TASK TO COMPLETE:
Scan the records below for the line with "Логотип телеграм канала" and the line with "Bracelet Femme Guess", and retype that range exactly, both ends included, pictures excepted.

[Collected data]
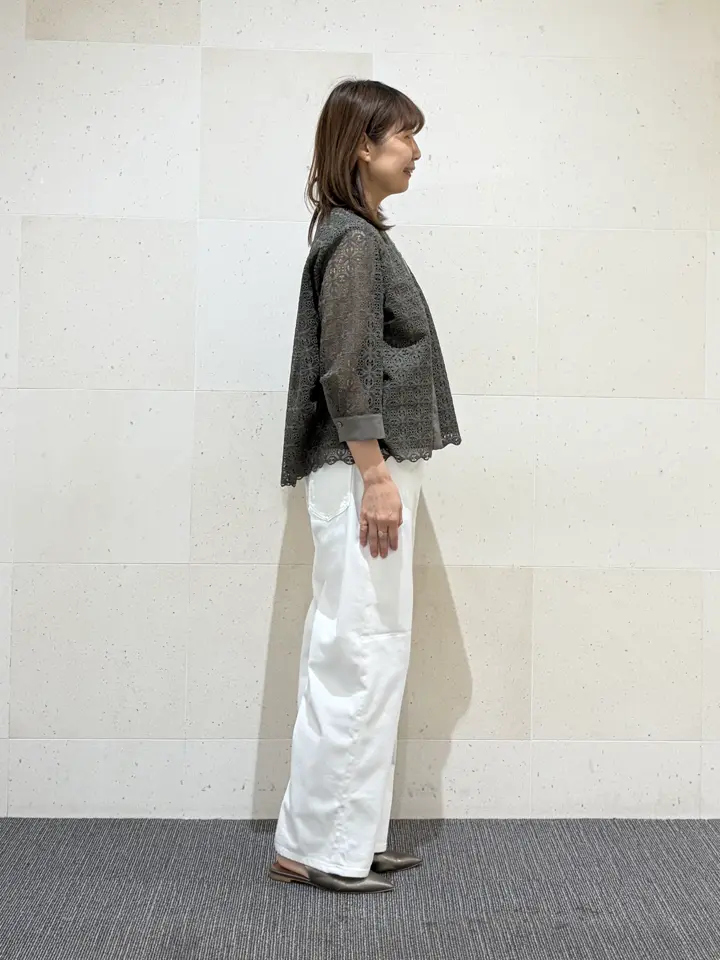 自由区 山本 コーディネート画像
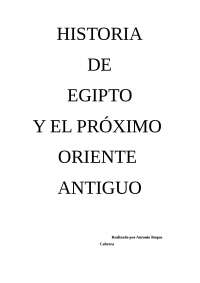 Historia de Egipto
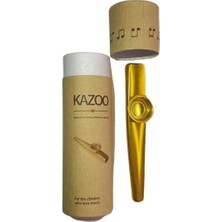 Toga Kutulu Metal Kazoo Sarı
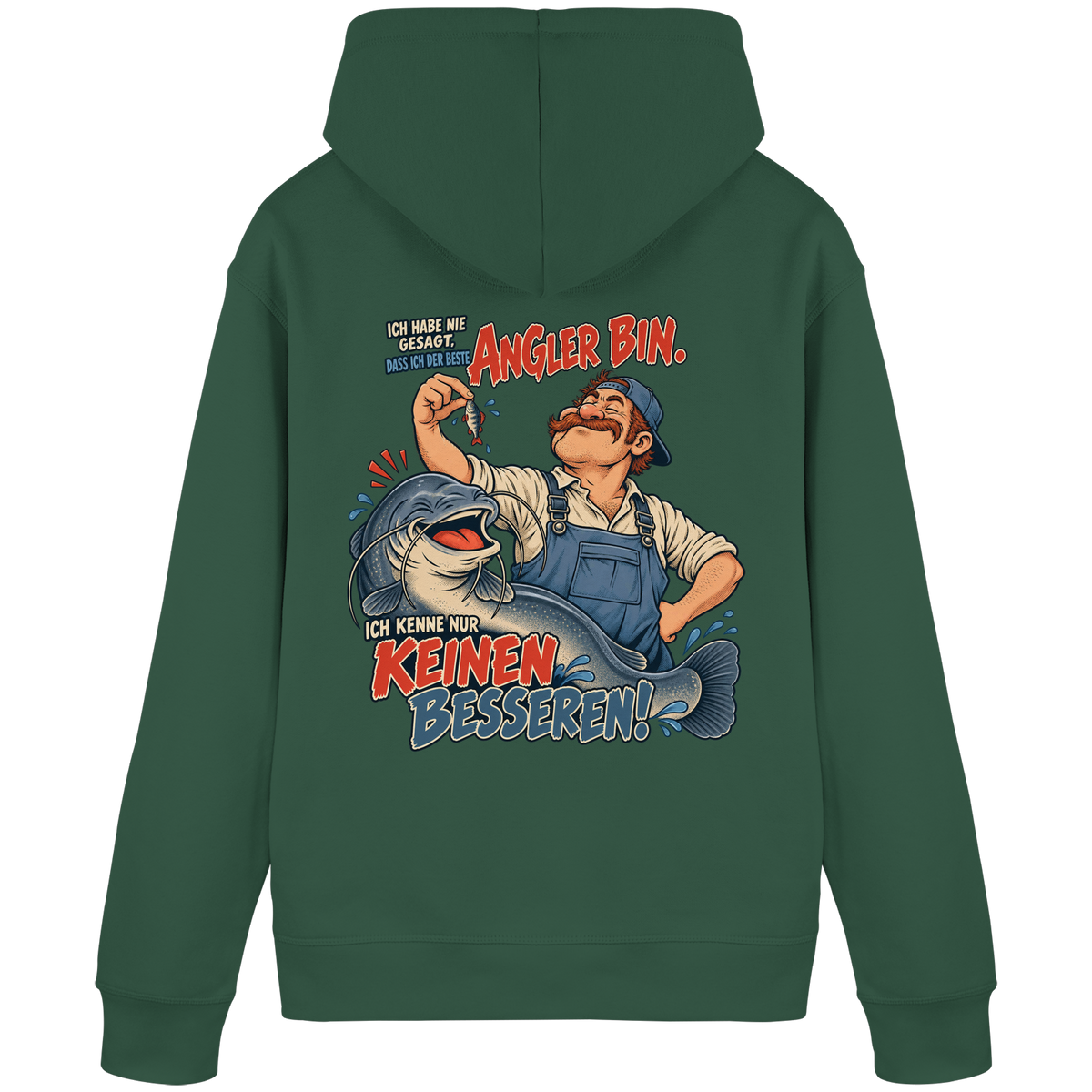 Ich Habe Nie Gesagt - Premium-Hoodie
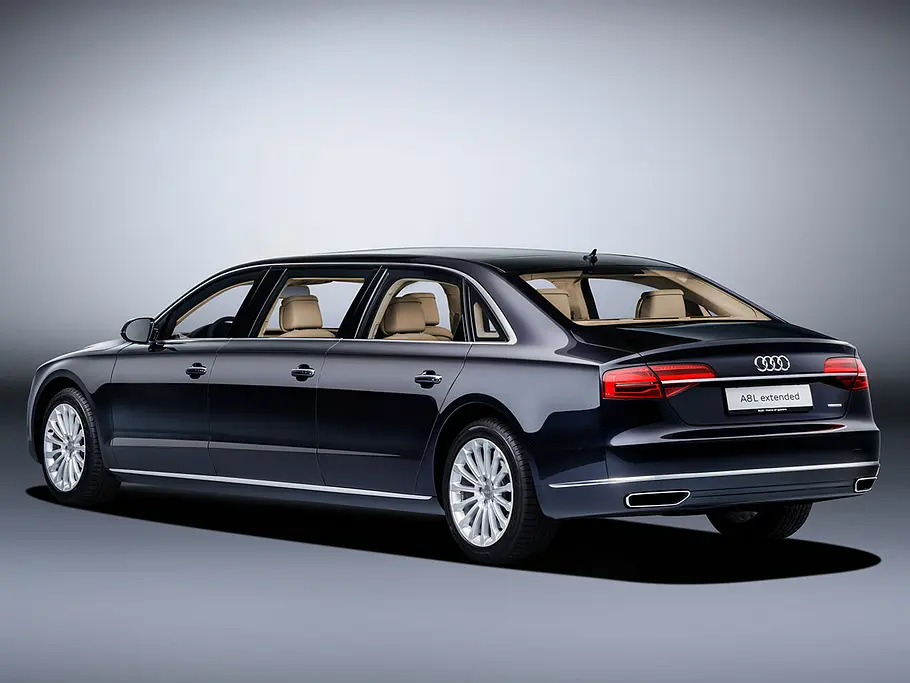Audi A8 L Extended (2016)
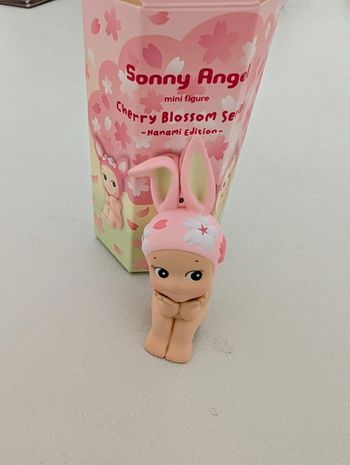 Lot de 2 sonny Angel Cherry Blossom série - modèle lapin et faon - Neuf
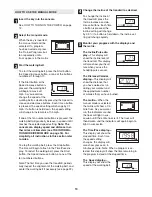 Preview for 13 page of Pro-Form 595Pi User Manual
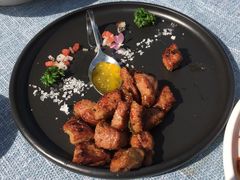 海盐牛肉粒-后海16号·北京私房菜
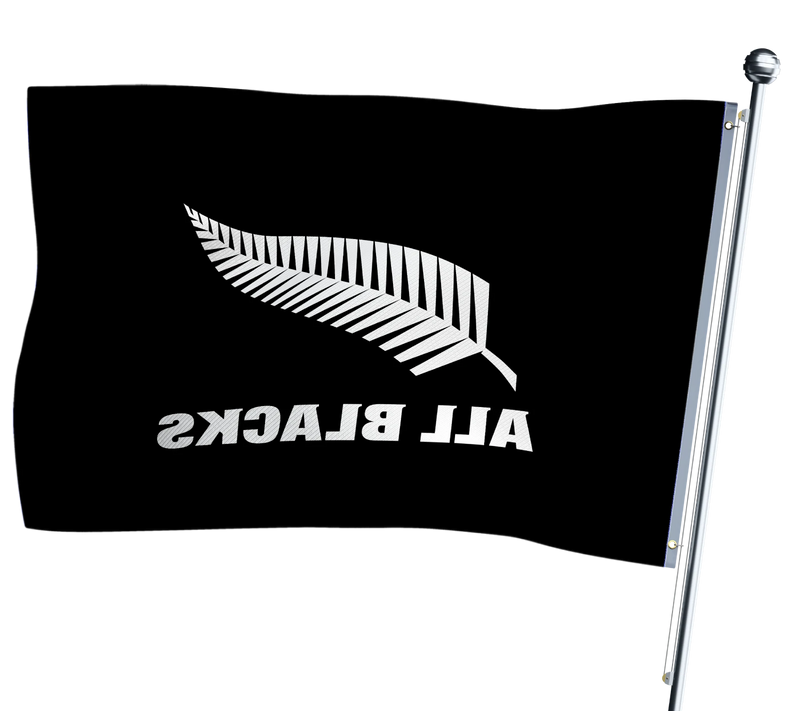 New Zealand Flag Rugby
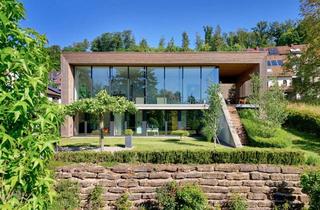 Haus kaufen in 73061 Ebersbach, ++Architektur-Highlight mit Weitblick: Repräsentatives Designhaus mit Weitblick++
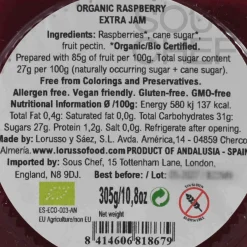LoRUSSo Organic Artisanal Raspberry Jam, 305g Online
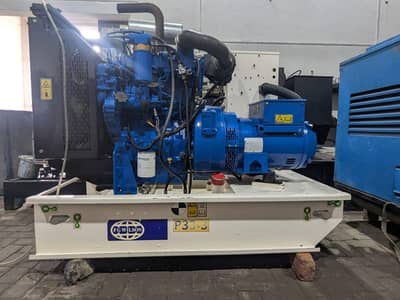 33 kva Perkins diesel generator made in UK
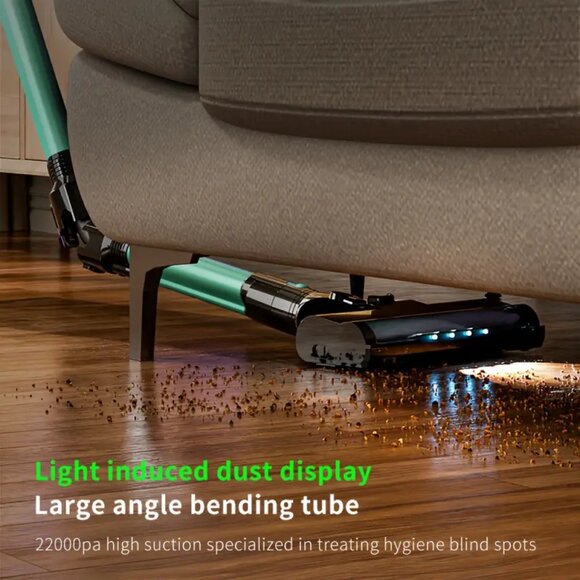 Vactidy Cordless 250 Watt Vacuum Cleaner - Powerful Suction - Lightweight - Picture 5 of 6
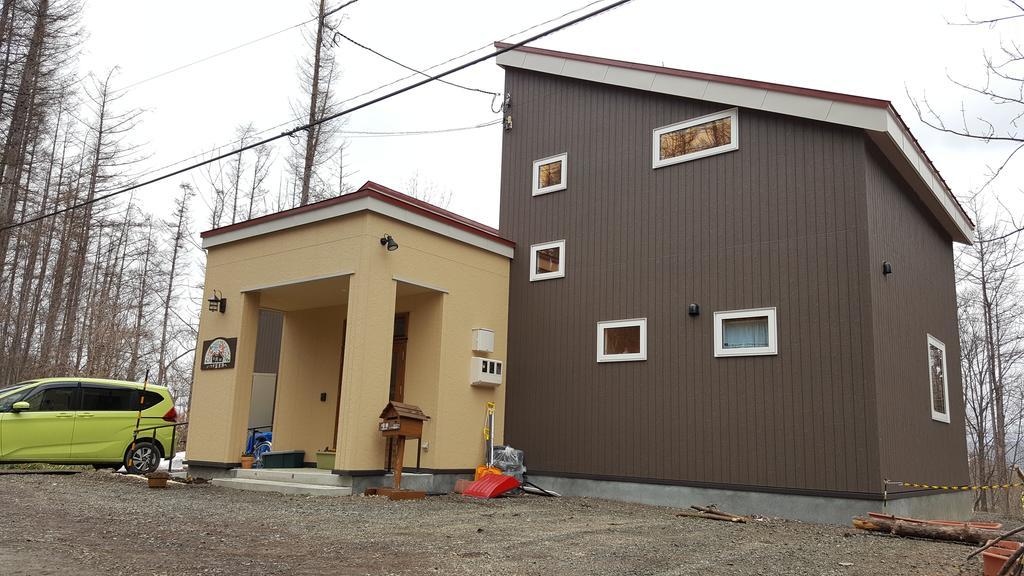 Ituka Furano E Guest House ภายนอก รูปภาพ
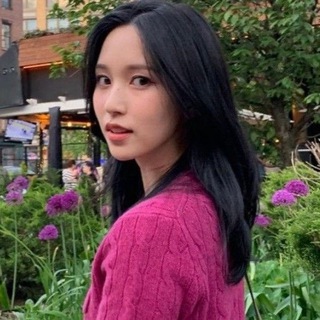 Логотип телеграм канала @leebomtg — i want twice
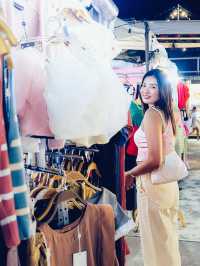 เดินเล่นตลาดกลางคืน ตลาดชิลล์วา ภูเก็ต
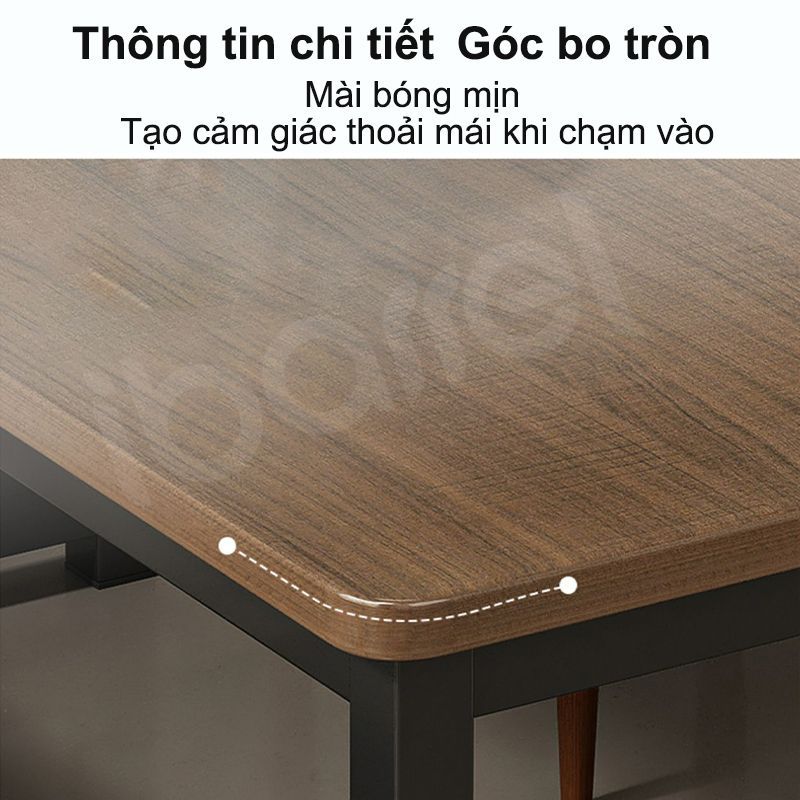 Bàn làm việc tháo lắp dễ dàng chân sắt sơn tĩnh điện chắc chắn lắp ráp dễ dàng | BigBuy360 - bigbuy360.vn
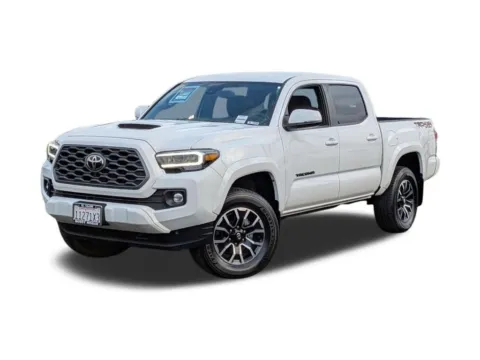 White 2023 Toyota Tacoma TRD Sport for sale in El Cajon, CA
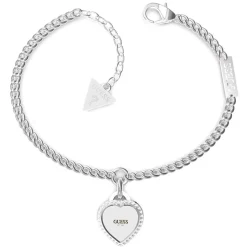 Bracelet Femme Guess Bijoux - FINE HEART JUBB01422JWRHS Acier Argent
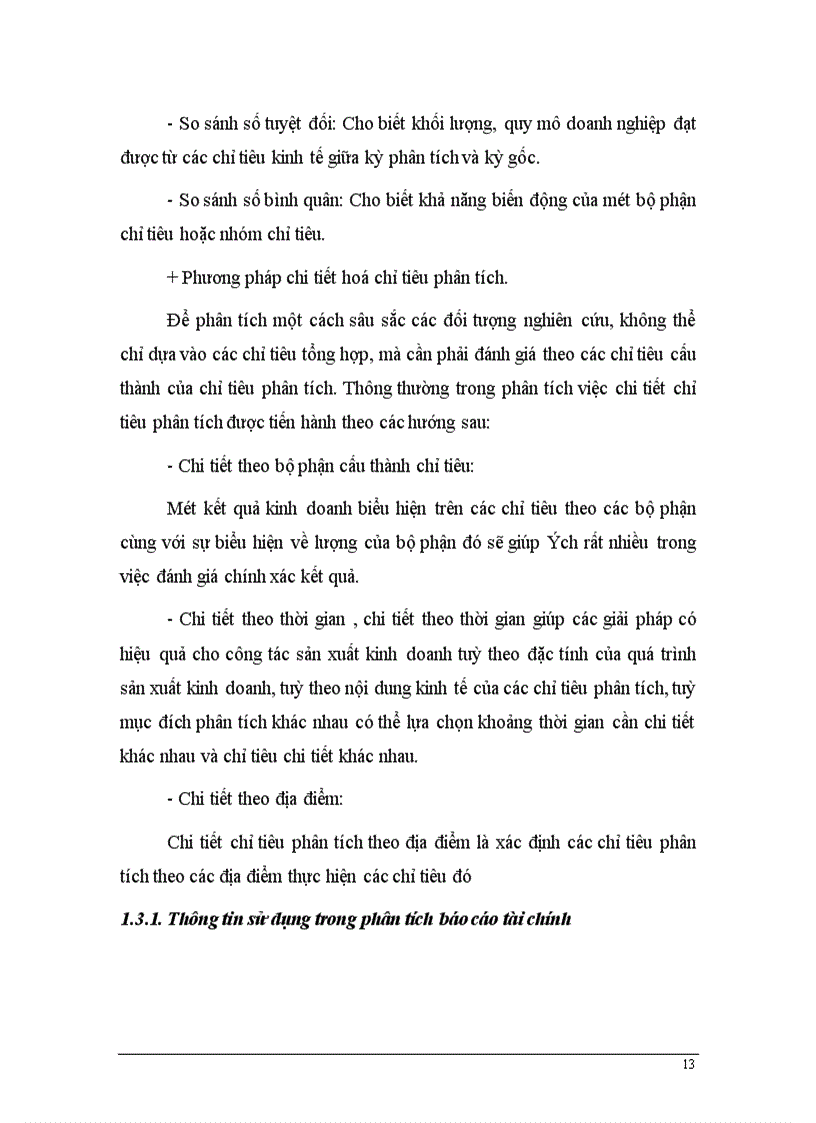 image for page Phân tích tài chính doanh nghiệp và các giải pháp trong công tác quản lý kinh doanh tại Nhà máy Len Hà Đông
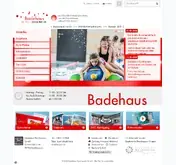 Kleine Seitenvorschau von badehaus-nordhausen.de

COMPLETED EXERCISE:
 Логотип телеграм канала @leebomtg — i want twice
 เดินเล่นตลาดกลางคืน ตลาดชิลล์วา ภูเก็ต
 Bàn làm việc tháo lắp dễ dàng chân sắt sơn tĩnh điện chắc chắn lắp ráp dễ dàng | BigBuy360 - bigbuy360.vn
 White 2023 Toyota Tacoma TRD Sport for sale in El Cajon, CA
 Bracelet Femme Guess Bijoux - FINE HEART JUBB01422JWRHS Acier Argent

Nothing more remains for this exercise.